THE FALLOUT (2021) – Tale of Two Students Who Survive a School Shooting One of the Best Movies of the New Year

THE FALLOUT (2021) is a difficult movie to watch. But everyone should watch it.

It’s the story of two high school students who survive a school shooting and then have to deal with its aftermath. The movie is painful and raw, yet tender and funny, and it does a commendable job covering a terrifying topic, school shootings, and at the end of the day does a brilliant job capturing the individual’s fight to take back their lives, to survive the fallout of living through a trauma, all the while having to face the fact that the adults in their world are doing so very little to prevent these events from happening again.

In THE FALLOUT, which is now playing in theaters and on HBO Max, Vada (Jenna Ortega), a quirky, awkward high school student, leaves class for the girl’s bathroom and there strikes up a conversation with Mia (Maddie Ziegler), a popular and very beautiful dancer who is making herself up for picture day, when suddenly they hear gun shots exploding from the hallways. In a panic, they both huddle and hide in one of the stalls, and over the next few minutes, hear repeated gunfire and screams, believing that at any moment they will die, as the gunfire grows louder and closer.

This sequence is absolutely chilling. Writer/director Megan Park captures the terror and the trauma of the moment.

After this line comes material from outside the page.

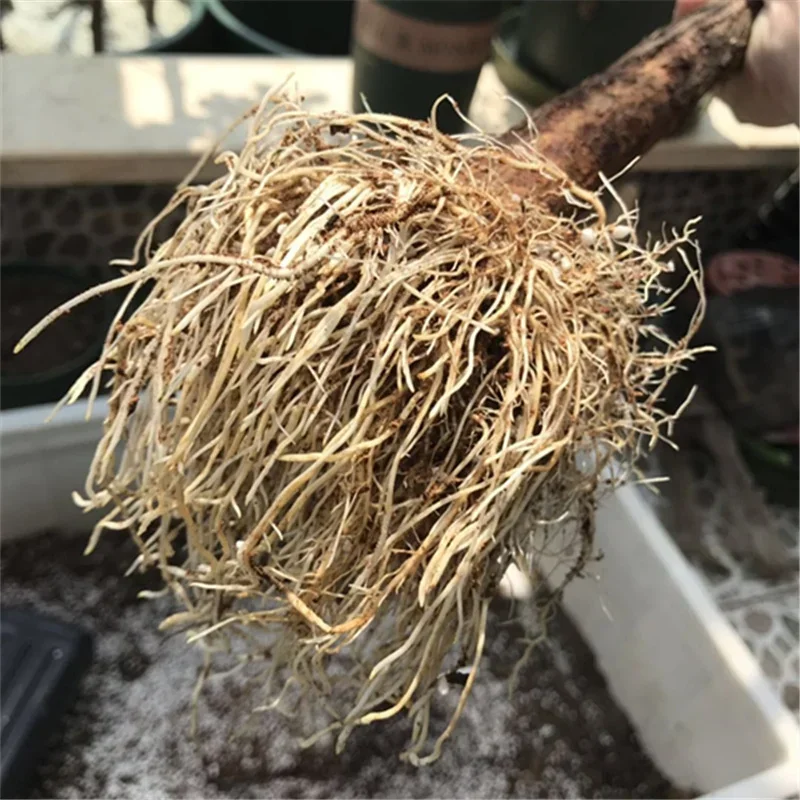 Polvo de enraizamiento rápido, - Rooting Hormone Powder reseña y precio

Vada and Mia survive the shooting, but what comes next is its aftermath, and having to deal with processing the emotions of knowing they almost died, of knowing friends who died, and the fear that it could happen again. Vada asks Mia if she is having awful nightmares, and Mia answers by saying you have to be able to sleep to have nightmares.

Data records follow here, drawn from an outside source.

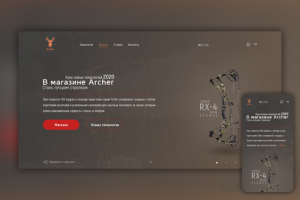 Магазин "Arhcer" новая коллекция Охотничьих блочных луков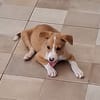 ZÉLIE, chiot femelle Berger Créole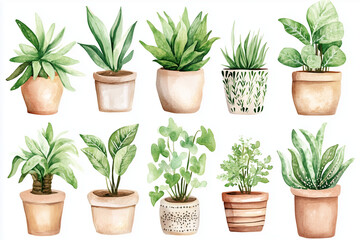 Fototapeta premium Watercolor Indoor Potted Plants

Life changes dramatically for Vada. She has two supportive parents, her mom (Julie Bowen) and dad (John Ortiz), who want to be there for their daughter but don’t really know how. She has a precocious younger sister Amelia (Lumi Pollack) who thinks Vada hates her now because Vada has stopped talking to her. Her parents encourage her to return to school, but Vada doesn’t feel safe.

Instead, she spends most of her time with Mia, as the two girls— who didn’t really know each other before the shooting— admit to sharing a bond after the tragedy and find comfort in spending time with each other. As such, Mia’s other relationships suffer, like with her best friend Nick (Will Ropp), who decides that enough is enough, and sets out to become the public face of a student drive to stop future school shootings from happening. He wants Vada’s help, but she is nowhere to be found as she spends all her time with Mia. She also turns to alcohol and drugs, as the pain becomes so intense.

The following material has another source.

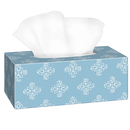 GoGo Facial Tissue, Bulk , White, Flat Facial Tissue Boxes for Business, Convenience case 120 sheets Gogo Facial Tissue - 18/case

But with counseling, a strong sense of herself, a supportive family, and her newfound relationship with Mia, Vada keeps fighting through the demons and pushes her way towards getting her life back.

THE FALLOUT may be traumatic to watch, but it is not an exercise in hopelessness. The lack of legal and government efforts to stop school shootings may be hopeless, but the spirit and fight in both Vada and Mia is not. It’s a difficult process, but they both deal with the fallout.

THE FALLOUT is Megan Park’s directorial debut, and it’s as powerful a debut as one would want for a writer and director. THE FALLOUT takes a tragic topic, school shootings, and tells a true and human side of its story, about two high school students who have to go on with their lives after experiencing something awful that nobody should have to endure. The film doesn’t get political, doesn’t get into the gun control argument, it just tells the story of these two girls, and as a result works very, very well.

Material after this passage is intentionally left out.